Daily Chart for GLDCourtesy of MetaStock Xenith

The daily chart for the gold ETF shows that GLD has been below a ‘death cross’ since June 21 which indicated that lower prices lie ahead. A ‘death cross’ occurs when the 50-day simple moving average falls below the 200-day simple moving average and these levels are now $119.37 and $122.98, respectively. My quarterly and semiannual value levels are below the chart at $113.60 and $103.62, respectively. The horizontal line is my monthly risky level for August at $123.44.

Investor Strategy: Buy weakness to my quarterly and semiannual value levels of $113.60 and $103.62, respectively, and reduce holdings on strength to my monthly risky level of $123.44.

The commodity ETF is heavily-weighted to energy by about 60%.

iShares S&P GSCI Commodity-Indexed Trust ETF (NYSEARCA:GSG)

The Commodities ETF ($17.20 on Aug. 3) is up 5.7% year to date with a negative week chart with the ETF below its five-week modified moving average of $17.31 and slipping just above its 200-week simple moving average which is the ‘reversion to the mean’ at $16.79.

Daily Chart for GSGCourtesy of MetaStock Xenith

The daily chart for the commodity ETF shows the ticker below the 50-day simple moving average of $17.36 and above its 200-day simple moving average at $16.66 with my quarterly and annual value levels of $16.35 and $16.20, respectively. My monthly risky level is above the chart at $18.46.

Investor Strategy: Buy GSG on weakness to my quarterly and annual pivots of $16.25 and $16.20, respectively, and reduce holdings on strength my monthly risky level of $18.46.

The US Dollar ETF is a basket of currencies that includes the dollar vs. Euro, Japanese Yen, British Pound, Canadian Dollar, Swedish Krona and Swiss Franc.

PowerShares DB US Dollar Index Bullish ETF (NYSEARCA:UUP)

The Dollar ETF ($25.17 on Aug. 3) is up 4.7% year to date and has a positive but overbought weekly chart with the ETF above its five-week modified moving average of $24.90 and above its 200-week simple moving average of $84.86.

Daily Chart for UUPCourtesy of MetaStock Xenith

The daily chart for the bullish dollar ETF shows the ticker above three horizontal lines which are my quarterly, monthly and annual value levels of $24.84, $24.34 and $24.18, respectively. Above the chart is my semiannual risky level of $28.65. The chart shows that a ‘golden cross’ was confirmed on May 31 when the 50-day simple moving average rose above the 200-day simple moving average indicating that higher prices lie ahead. These moving averages are now at $24.92 and $24.20, respectively.

Investor Strategy: Buy weakness to my quarterly, monthly and annual value levels of $24.84, $24.34 and $24.18, respectively, and reduce holdings on strength to my semiannual risky level of $28.65.

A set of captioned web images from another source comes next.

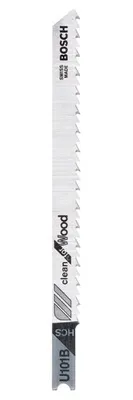 Produktbild von Stichsägeblatt HCS, U 101 B Clean for Wood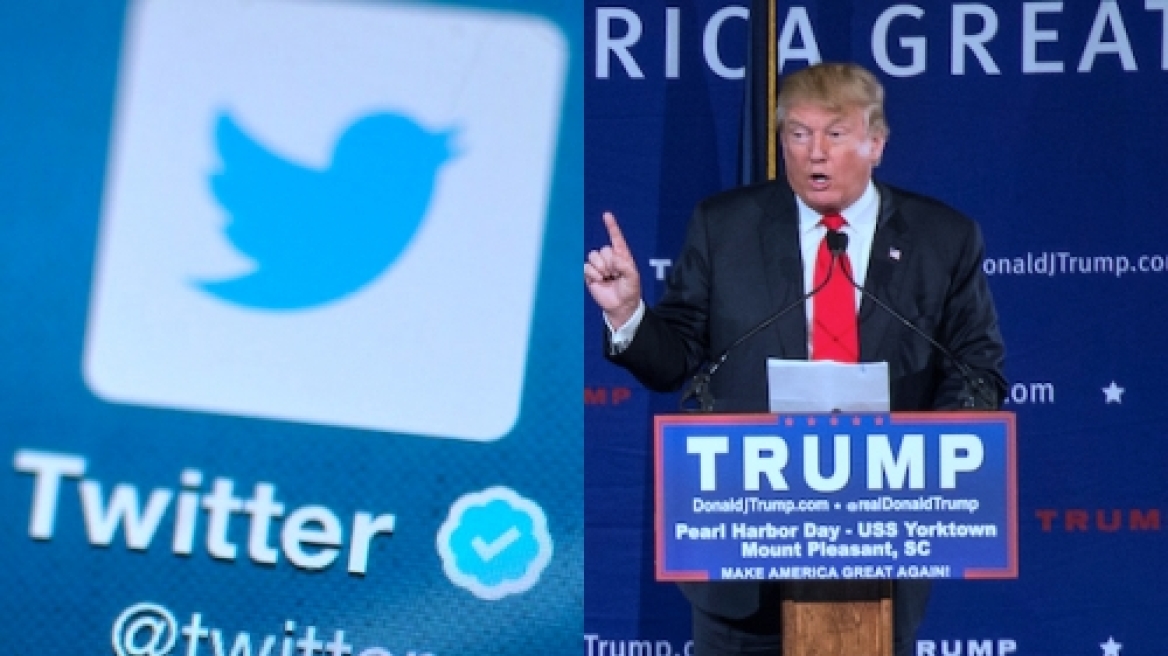 Οργάνωση μήνυσε τον Τραμπ διότι μπλόκαρε χρήστες στο Twitter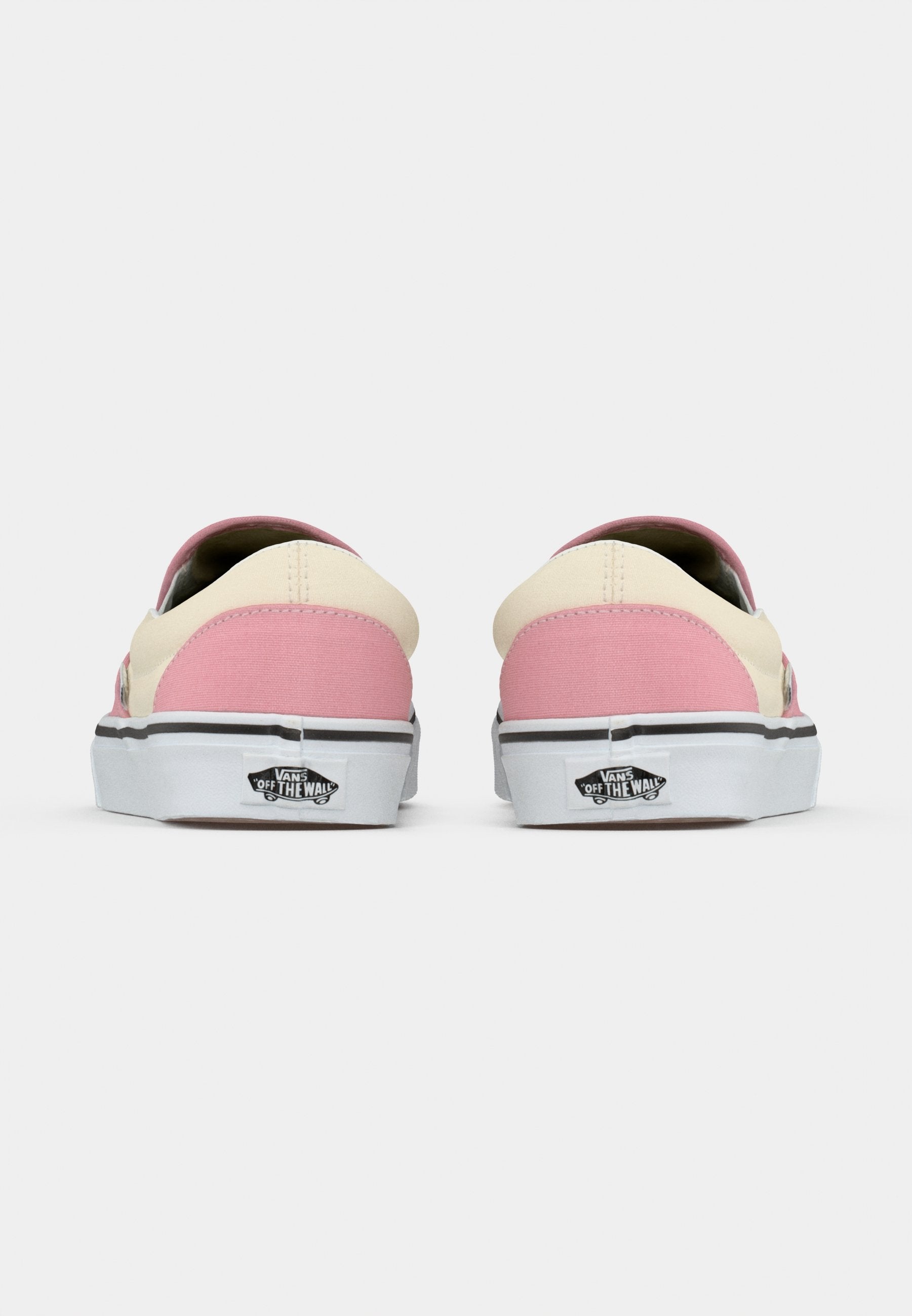 CLASSIC SLIP-ON - Slip-ons - pop coral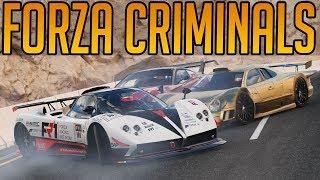 Forza 7: Crimes Against Motorsport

Disclosure: I/we have no positions in any stocks mentioned, and no plans to initiate any positions within the next 72 hours. I wrote this article myself, and it expresses my own opinions. I am not receiving compensation for it (other than from Seeking Alpha). I have no business relationship with any company whose stock is mentioned in this article.